[ad_1]
De gemeente Achtkarspelen benadert haar eigen onafhankelijkheid met grote zorg. Dat bleek donderdag tijdens de raadsvergadering in Buitenpost.
De zogenaamde tariefbepaling lag op tafel. Want wat voor gemeente wil Achtkarspelen zijn als de officiële breuk met Tytsjerksteradiel na 1 januari 2025 wordt afgerond?

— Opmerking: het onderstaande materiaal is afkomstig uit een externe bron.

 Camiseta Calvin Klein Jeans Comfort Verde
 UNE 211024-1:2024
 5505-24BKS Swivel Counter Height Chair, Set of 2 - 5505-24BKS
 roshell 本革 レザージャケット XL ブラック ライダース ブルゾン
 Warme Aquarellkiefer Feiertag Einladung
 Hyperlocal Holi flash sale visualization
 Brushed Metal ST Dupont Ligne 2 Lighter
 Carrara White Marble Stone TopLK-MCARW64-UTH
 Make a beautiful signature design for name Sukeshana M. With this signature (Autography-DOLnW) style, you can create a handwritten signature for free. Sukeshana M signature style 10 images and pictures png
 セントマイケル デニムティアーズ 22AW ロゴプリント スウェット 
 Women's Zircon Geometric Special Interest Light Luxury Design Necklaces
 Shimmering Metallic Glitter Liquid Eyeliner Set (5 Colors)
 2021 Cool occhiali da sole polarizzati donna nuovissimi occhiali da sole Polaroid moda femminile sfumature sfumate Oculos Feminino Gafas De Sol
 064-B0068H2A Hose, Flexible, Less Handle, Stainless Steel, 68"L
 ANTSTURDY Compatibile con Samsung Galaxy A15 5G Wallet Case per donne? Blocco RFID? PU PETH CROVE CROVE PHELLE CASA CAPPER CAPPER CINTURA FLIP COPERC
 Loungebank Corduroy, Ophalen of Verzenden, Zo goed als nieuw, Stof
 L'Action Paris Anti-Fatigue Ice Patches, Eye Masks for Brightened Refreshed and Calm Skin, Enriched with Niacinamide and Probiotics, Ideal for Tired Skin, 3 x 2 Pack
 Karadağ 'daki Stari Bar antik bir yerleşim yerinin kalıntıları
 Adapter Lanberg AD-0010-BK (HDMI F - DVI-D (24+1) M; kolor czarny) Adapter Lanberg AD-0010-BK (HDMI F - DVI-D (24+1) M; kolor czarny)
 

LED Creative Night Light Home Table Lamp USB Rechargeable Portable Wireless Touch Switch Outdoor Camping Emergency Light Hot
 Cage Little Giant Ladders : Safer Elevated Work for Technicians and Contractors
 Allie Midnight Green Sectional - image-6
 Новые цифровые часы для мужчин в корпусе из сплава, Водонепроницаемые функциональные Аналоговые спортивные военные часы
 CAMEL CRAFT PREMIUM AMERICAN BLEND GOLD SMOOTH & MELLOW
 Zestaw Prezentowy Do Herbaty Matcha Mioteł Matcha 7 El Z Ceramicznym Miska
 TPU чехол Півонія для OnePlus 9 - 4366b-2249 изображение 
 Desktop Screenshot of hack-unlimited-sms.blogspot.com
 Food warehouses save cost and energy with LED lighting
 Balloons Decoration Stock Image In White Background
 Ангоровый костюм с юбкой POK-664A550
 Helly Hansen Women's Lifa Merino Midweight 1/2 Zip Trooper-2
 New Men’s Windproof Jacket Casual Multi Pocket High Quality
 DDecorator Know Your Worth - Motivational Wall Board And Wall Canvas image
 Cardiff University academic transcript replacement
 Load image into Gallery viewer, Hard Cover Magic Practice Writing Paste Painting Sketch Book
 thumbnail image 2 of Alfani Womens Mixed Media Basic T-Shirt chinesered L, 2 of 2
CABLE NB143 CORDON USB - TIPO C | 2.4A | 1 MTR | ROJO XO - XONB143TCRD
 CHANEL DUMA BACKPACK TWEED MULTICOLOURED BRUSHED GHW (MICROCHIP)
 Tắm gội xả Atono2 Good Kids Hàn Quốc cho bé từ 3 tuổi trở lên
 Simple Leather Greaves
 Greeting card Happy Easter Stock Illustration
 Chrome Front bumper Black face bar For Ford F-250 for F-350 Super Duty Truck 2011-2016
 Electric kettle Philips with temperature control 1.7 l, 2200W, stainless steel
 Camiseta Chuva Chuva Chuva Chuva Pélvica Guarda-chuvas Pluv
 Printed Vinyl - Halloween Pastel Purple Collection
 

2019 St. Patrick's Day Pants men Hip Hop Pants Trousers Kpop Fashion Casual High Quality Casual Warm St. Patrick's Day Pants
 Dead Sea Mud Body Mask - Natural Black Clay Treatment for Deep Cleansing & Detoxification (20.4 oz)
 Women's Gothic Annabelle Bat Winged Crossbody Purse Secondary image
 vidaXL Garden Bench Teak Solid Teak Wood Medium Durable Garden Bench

De uitkomst van het opdrachtonderzoek leverde geen verrassingen op. Achtkarspelen wil een gemeente zijn van mienskip, van korte lijnen, van ‘we rêde ússels wol’, maar ook van hulp als het nodig is.
Ravijnjaar 2026
Omdat de gemeente hulp nodig heeft. “Het lijkt erop dat de oeraard voorbij is”, zei Gert Terpstra van het CDA tijdens de aankondiging van een raadsbrede oproep aan de onderhandelende partijen in Den Haag.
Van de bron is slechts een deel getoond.